As questions were swirling over Giuliani’s role in the Ukraine drama, the former New York City mayor went on TV, waved around text messages from Volker, and insisted everything he did in Ukraine was at the “direction” of the State Department.

Then, Giuliani pushed Volker to back that claim up in public.

“All I need for you is to tell the truth,” Giuliani texted Volker on Sept. 22, according to Volker’s testimony, adding later, “Really, this is not hard. Just fair to affirm truth.”

But Volker told lawmakers he was not about to satisfy Giuliani. Although it was true that he’d [hooked up] Ukrainian officials with Giuliani, Volker insisted Giuliani was taking things too far because it was incorrect to say that the State Department was directing Giuliani’s many actions in Ukraine.

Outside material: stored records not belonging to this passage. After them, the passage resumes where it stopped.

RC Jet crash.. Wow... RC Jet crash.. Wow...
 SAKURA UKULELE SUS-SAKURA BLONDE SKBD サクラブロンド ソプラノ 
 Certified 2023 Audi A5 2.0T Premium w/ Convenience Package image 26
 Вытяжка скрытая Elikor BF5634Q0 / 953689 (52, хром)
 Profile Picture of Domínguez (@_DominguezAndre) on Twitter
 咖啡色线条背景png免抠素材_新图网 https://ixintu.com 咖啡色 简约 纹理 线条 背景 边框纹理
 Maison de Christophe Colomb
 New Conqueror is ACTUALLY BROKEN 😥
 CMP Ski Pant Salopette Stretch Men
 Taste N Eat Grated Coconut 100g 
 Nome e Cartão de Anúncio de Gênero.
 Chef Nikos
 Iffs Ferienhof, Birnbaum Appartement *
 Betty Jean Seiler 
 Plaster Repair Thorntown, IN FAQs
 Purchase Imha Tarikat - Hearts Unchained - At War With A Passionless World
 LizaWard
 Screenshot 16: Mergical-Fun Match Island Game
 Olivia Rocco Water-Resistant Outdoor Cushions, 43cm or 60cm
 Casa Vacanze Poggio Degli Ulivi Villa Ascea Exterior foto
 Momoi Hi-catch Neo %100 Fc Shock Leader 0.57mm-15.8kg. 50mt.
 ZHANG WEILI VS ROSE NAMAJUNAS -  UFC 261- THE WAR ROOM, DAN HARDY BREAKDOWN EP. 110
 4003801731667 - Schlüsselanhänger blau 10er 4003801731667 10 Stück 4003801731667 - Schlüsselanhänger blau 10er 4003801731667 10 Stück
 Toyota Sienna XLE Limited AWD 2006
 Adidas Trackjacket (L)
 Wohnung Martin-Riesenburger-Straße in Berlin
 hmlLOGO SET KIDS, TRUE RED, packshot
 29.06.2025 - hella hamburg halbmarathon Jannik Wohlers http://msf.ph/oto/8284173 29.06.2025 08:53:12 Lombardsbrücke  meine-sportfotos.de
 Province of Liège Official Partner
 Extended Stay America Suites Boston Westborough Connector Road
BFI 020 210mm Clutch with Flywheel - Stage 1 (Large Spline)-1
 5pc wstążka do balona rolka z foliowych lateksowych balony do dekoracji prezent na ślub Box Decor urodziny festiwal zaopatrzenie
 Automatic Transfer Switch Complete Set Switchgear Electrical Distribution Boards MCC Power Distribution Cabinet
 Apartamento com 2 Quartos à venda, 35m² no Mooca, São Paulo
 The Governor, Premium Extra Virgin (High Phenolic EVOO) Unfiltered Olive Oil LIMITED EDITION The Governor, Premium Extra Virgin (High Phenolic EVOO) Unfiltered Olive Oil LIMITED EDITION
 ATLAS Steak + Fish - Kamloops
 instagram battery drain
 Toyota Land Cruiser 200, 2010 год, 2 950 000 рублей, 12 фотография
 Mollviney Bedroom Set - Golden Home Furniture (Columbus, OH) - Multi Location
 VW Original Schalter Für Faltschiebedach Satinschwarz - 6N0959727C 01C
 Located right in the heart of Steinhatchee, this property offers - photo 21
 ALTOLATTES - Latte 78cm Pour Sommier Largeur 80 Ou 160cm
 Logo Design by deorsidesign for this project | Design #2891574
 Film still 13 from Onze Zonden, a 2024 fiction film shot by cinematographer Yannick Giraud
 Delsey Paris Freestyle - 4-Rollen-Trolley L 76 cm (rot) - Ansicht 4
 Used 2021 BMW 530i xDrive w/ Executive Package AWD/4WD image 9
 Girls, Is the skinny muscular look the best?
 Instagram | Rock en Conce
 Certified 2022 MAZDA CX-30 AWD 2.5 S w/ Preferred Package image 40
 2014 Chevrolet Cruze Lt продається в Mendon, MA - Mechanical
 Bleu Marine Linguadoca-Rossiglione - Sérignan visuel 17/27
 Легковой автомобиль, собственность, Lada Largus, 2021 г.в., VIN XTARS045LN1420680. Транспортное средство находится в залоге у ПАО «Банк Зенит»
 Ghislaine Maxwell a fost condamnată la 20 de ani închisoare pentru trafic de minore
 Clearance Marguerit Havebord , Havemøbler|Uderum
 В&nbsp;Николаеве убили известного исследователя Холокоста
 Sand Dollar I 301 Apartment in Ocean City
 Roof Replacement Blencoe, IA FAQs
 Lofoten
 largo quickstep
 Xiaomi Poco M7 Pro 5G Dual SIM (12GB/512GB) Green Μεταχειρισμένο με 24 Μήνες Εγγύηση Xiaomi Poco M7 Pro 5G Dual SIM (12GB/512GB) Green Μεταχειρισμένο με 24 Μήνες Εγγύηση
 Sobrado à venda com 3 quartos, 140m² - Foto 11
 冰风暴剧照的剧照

“I wasn’t giving direction to him in any way,” Volker said.
And then there's Yovanovitch.
In late April 2019, after Marie Yovanovitch was suddenly recalled from her post as ambassador to Ukraine, William Taylor texts Volker about the request that he head back to Kyiv as charge d’affaires for the U.S. Embassy there.

“You should!” Volker responds. But Taylor says Deputy Assistant Secretary of State George Kent “described two snake pits, one in Kyiv and one in Washington.”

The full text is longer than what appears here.